(The following post is cut-n-pasted from an email conversation I had recently about a Personal Search Engine with Jeff Barr. I'm posting it on my typepad so that I can use Google to find these notes again. I note the irony that if I had a Fisher, I wouldn't need to blog it publicly to be able to find it with certainty later when I need to find it.)
I've been thinking long and hard lately about finding things in my (20 Gigabytes representing 15 years of) email archives (or, as Rohit calls it, The "Search My Mail D*mnit" Problem) so I can properly deal with Ham. In the email must evolve context, I think ZOË-as-Personal-Server points in the right direction.
I find myself wondering if there is still an opportunity to launch a desktop search product that fits the classic definition of platform. The equivalent of a "Browser" for the next decade that brings together existing disparate tools by mixing SMTP and HTTP and throws in a healthy dose of instant messaging and RSS -- except that instead of browsing for information it lets you go (for lack of a better word) "Fish" for information. It's got a simple browser interface and query language (like Google), is lightning fast (due to regular re-indexing), and offers search results of your personal stuff in that simple UI.
Rohit is three steps ahead of me here -- that any good "Fisher" of all your emails, IM's, desktop files, web history, and RSS feeds needs a great algorithm to rank the results of your "Go Fish" queries. (Ranking is something ZOË doesn't do, and therefore it cannot handle the volumes of email I receive daily.)
A "Fisher" isn't a replacement for our existing PIM's and browsers and IM clients and RSS readers, in the same way that Google doesn't replace the Web. Actually, Google is a good analogy since it provides a set of ranked results for any given query of the Public Web. But Google is an anonymous search of the Public Web of information. Fisher, by contrast, provides a set of ranked results for any given query with a personal search of your Private Web of information. It's a customized search of your personal stuff.
I don't have a better sketch of the opportunity yet, but if it works for your personal stuff anything close to the way Google works for public stuff, I think it's a killerApp just waiting for an auteur to get around to writing it. The platform play of course is that it is scriptable -- not just the query engine but the "tap on your ethernet" which can watch HTTP and SMTP traffic crossing your machine and do things on your behalf based on inspecting all the data that crosses through.
I have to think about it. Like I said, I'm sure Rohit is three steps ahead of me on this one... as was jwz six years ago in his write-up of Intertwingle (and short discussion), "a potential project to make it easier to deal with a massive volume of personal messages: excavating, traversing, relating, reporting, annotating. Intertwingle can be seen as a unification of a search tool and an address book. It is not, however, a mail reader. The presentation of query results could be done through a mail reader, but the intention is that ones choice of mail reader should be orthogonal to the use of this tool. The two kinds of tools just happen to operate on the same data." Might this be what the Twingle effort of Kasei is all about?

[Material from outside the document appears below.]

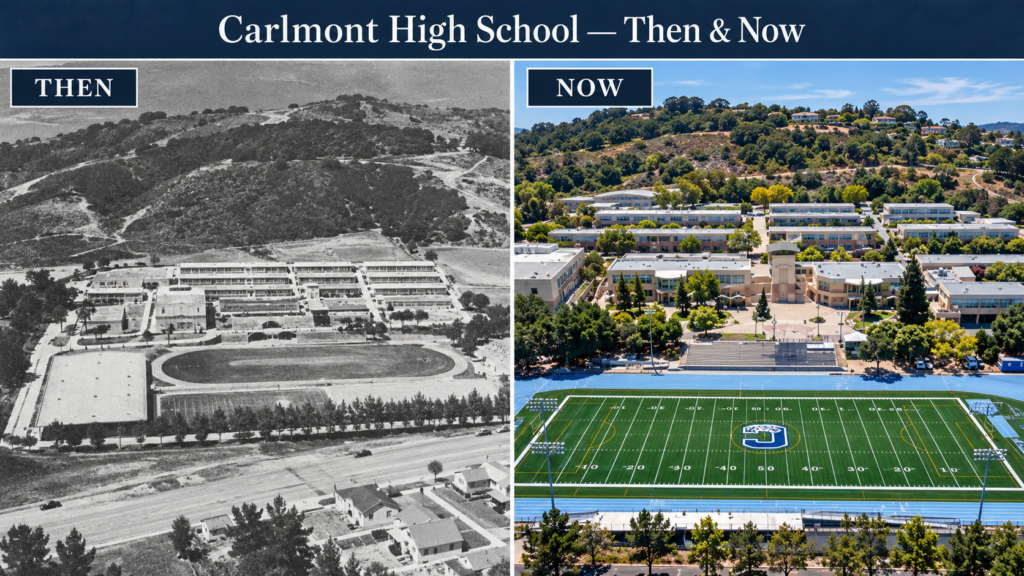 Carlmont High School in Belmont California then and now, showing the original 1953 campus and the modern school campus.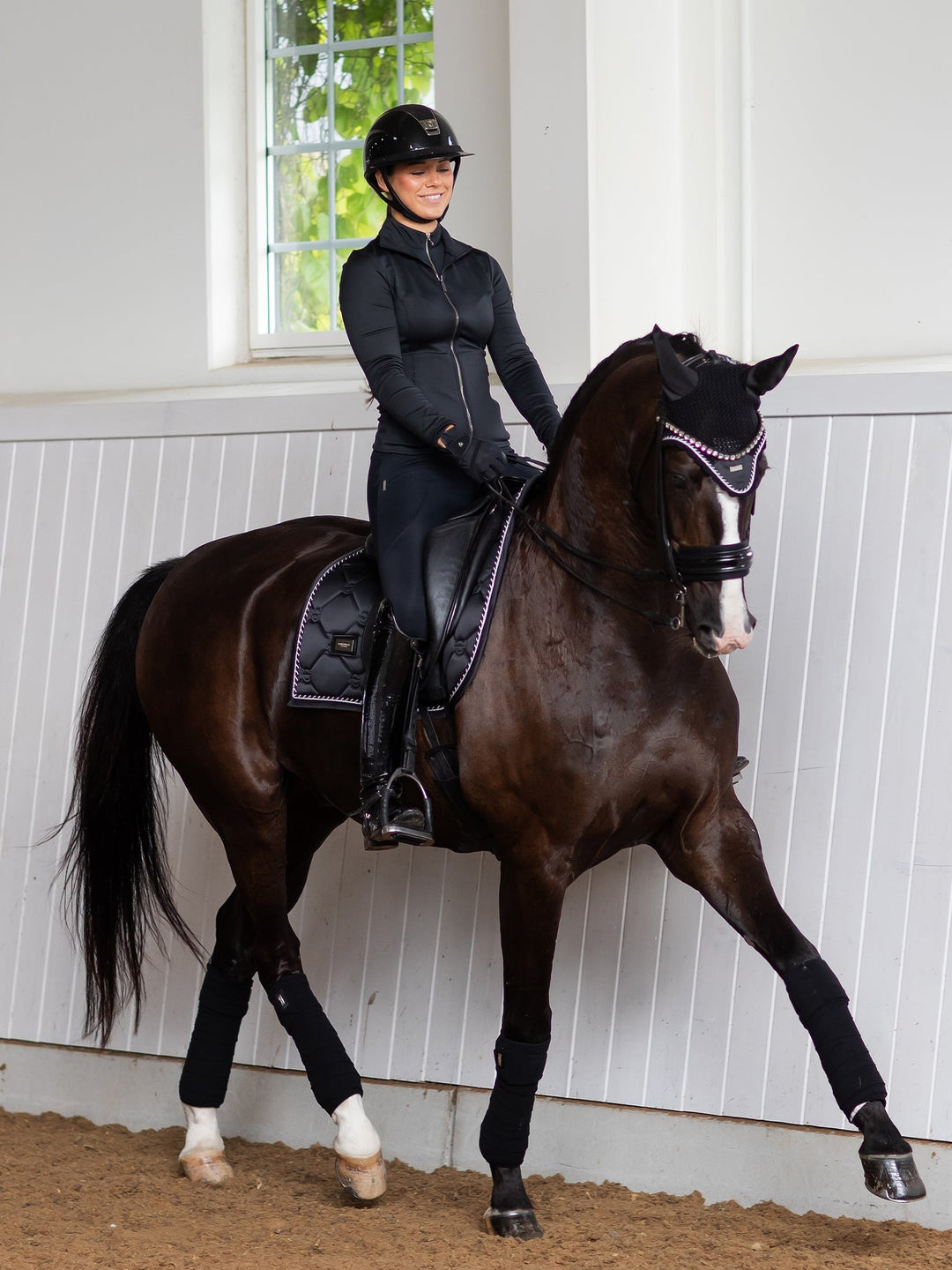 Equestrian Stockholm Fly Hood Black Edition - Ear Bonnet - Kingdom Equestrian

Update, 3/4/2004 at 5am. Rohit emailed me a description of Fisher in his own words:
Personally, I'm getting very aggravated by the irony that it's easier to find stuff on the Internet than on my own PC. The vast majority of this problem is email, specifically. And while email is impoverished in hyperlinks, ruling out the sorts of PageRank algorithms web search engines use, it is very rich in social network information. The correspondence information can help us choose which bits of text are likely to be the most relevant hit for a query, because it does matter who said what.I believe Intertwingle is a good early manifesto about Fishers as a product category, and I think that ZOË and X1 are good first-generation instantiations of Fisher-as-a-product. Looking around SearchTools.Com I don't see any other Fishers... yet.
Admittedly, this may have something to contribute about searching multiple-agent discourses in general -- anywhere you can clearly identify authorship of a snippet, and thence calibrate which authors a user reads most.
Of course, if we simply ranked people by frequency of interaction, it would be kind of boring. Frame it as a simple principal-eigenvector problem -- count who reads your readers, and so on -- and interesting patterns emerge. It could well be as useful as PageRank itself was, by comparison to text search alone.
Imagine the Google UI for your own PC. You aim your web browser at localhost and get back a results page that looks eerily familiar, but the hits are actually documents, mails, photos, and cached web pages from your own personal archive. This means nailing the challenges of grouping similar results, generating short excerpts, converting file formats for indexing, and so on. There's more magic to how it installs -- you don't change your email client at all! -- but that's just more technology.